NIH study still takes the deepest dive into the confining conditionBrian Vastag remembers when he was hit by the infection that changed his life.
"It started very suddenly - July 8, 2012, at 9:30 in the morning," he said. "It was almost like a change. It was a sudden fever and dizziness".
Five years later, Vastag participates in an intense experiment to determine if and how this infection may have disrupted his nervous system, leaving him a myalgic encephalomyelitis, commonly known as chronic fatigue syndrome, or ME / CFS.
This is a study that will bring volunteers within the limits of medical science. Their cells will be used to make mice genetically engineered with human immune systems and their blood cells will be transformed into nerve cells using transformative technology that is still the subject of scientific journals.

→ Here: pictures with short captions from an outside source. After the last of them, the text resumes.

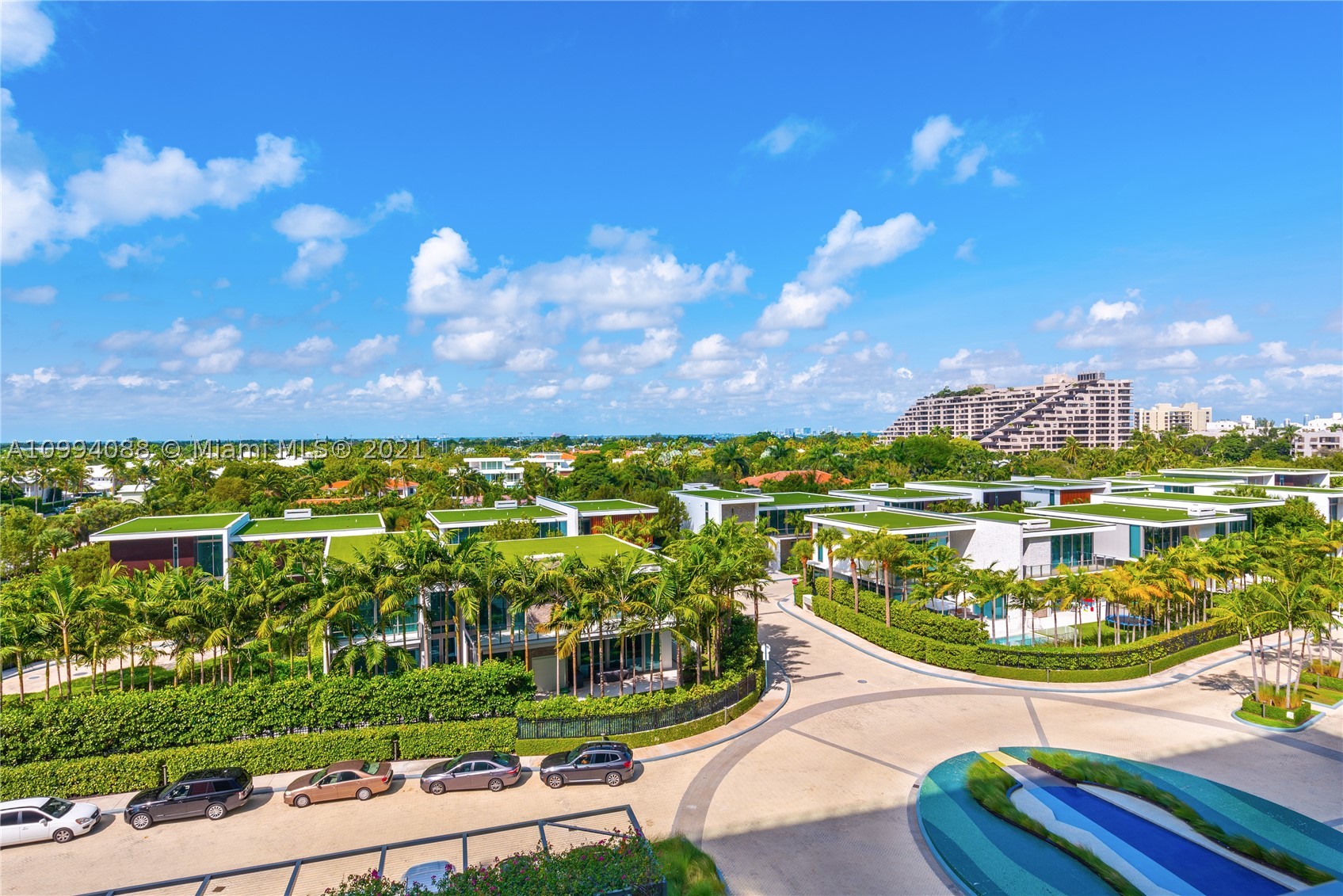 Oceana Key Biscayne, newest building in the island. Gated Property Green / LEED-certified building. A resort style living all the 5 star amenities that Oceana has to offer such as a 500-feet Private Beach, Restaurant with beach and pool service for residents, Tennis courts, Ocean-view Fitness Center, Lap Pool, Spa services, Putting Green, 24-hr Concierge, Party room, Meeting room, Children’s Center.

An amazing flow through unit with unobstructed and amazing views to the ocean and intercoastal.  Great lay out with 3 Bedrooms - 3 Bath - Powder Room - Laundry and Maid's quarter with a full Bathroom.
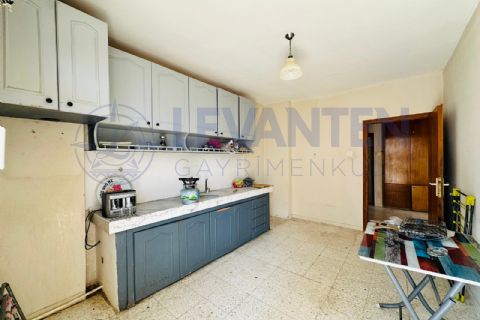 Mezitli'de Site İçi, Cepheleri Açık 3+1 Kiralık Daire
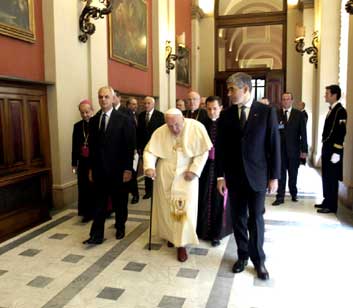 Il 14 novembre (del 2002) la storica visita di Giovanni Paolo II al Parlamento italiano
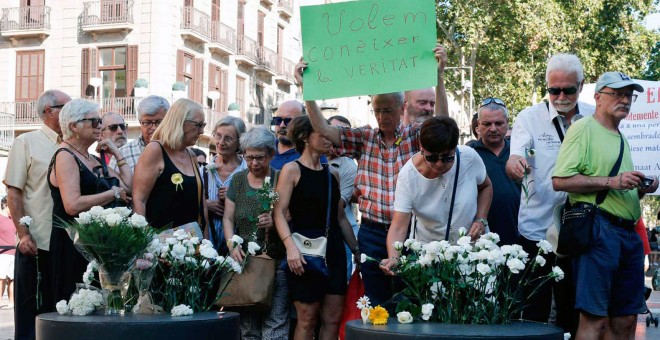 Un familiar de una víctima del atentado de Las Ramblas muestra la pancarta 'Queremos saber la verdad' durante el homenaje del segundo aniversario del 17A, en agosto pasado. | RTVE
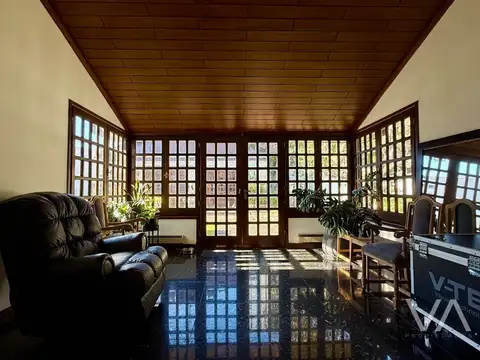 Espectacular esquina en Los Troncos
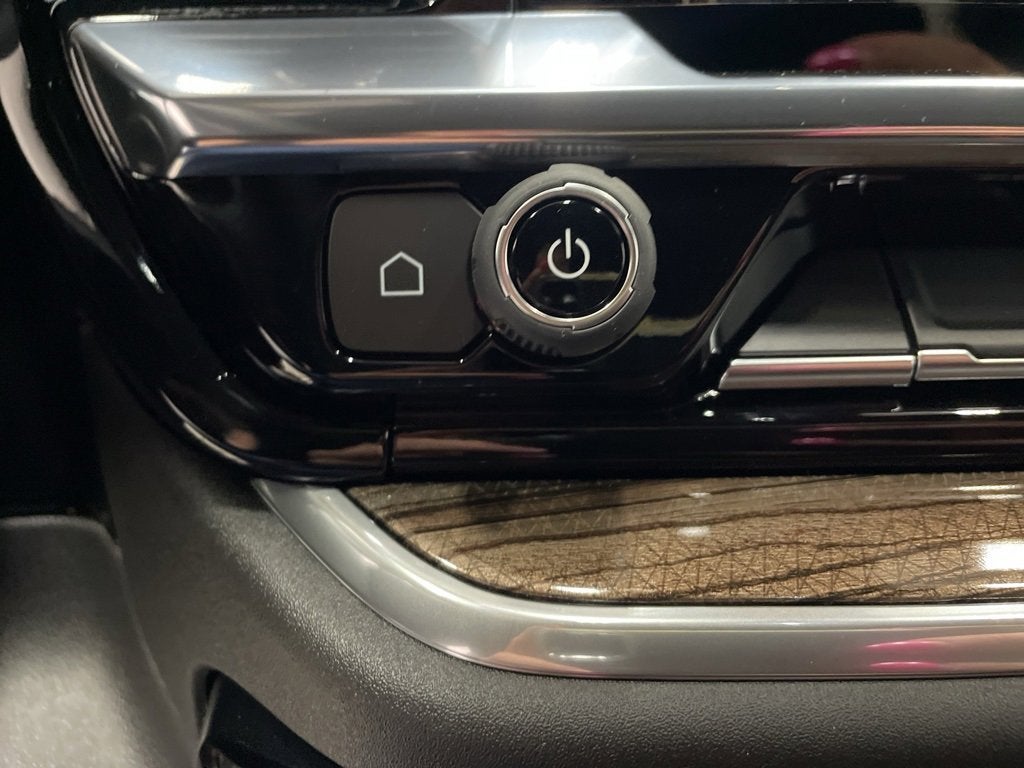 2026 Chevrolet Silverado 1500 RST Crew Cab Short Box 4WD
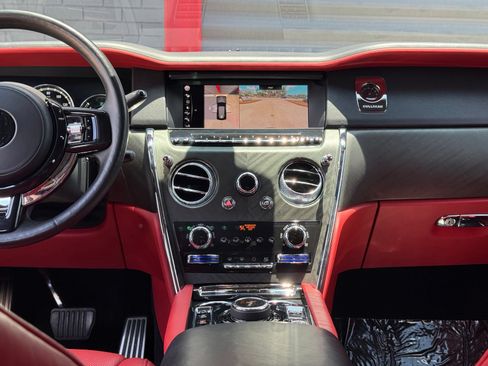 Used 2019 Rolls-Royce Cullinan AWD/4WD image 31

Vastag spends two weeks at the National Institutes of Health outside Washington, DC, undergoing an intense battery of tests. It provides samples of blood, spinal fluid and urine. He takes adhesion tests and gets x-rays. He will be subjected to magnetic resonance imaging and a functional MRI to see what happens in his brain - there are also neurocognitive tests, Exercise tolerance, as well as autonomic nervous system tests, immune system and metabolic function.
Usually, medical studies examine a particular aspect of a disease. But this study overseen by Dr. Avindra Nath examines every conceivable aspect of a condition that many people do not yet believe is a real disease.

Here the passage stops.